# What you need to do:
All lines from the one that mentions "Poster close-up macro" through the last of the entries below must be copied exactly, with both ends kept.

# Dataset content:
Start of Block
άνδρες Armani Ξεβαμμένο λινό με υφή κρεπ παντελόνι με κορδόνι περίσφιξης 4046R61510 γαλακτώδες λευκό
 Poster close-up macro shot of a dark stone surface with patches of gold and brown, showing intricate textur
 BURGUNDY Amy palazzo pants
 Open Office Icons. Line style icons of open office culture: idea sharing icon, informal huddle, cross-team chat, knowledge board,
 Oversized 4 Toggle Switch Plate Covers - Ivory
End of Block
# Written answer:
 Poster close-up macro shot of a dark stone surface with patches of gold and brown, showing intricate textur
 BURGUNDY Amy palazzo pants
 Open Office Icons. Line style icons of open office culture: idea sharing icon, informal huddle, cross-team chat, knowledge board,
 Oversized 4 Toggle Switch Plate Covers - Ivory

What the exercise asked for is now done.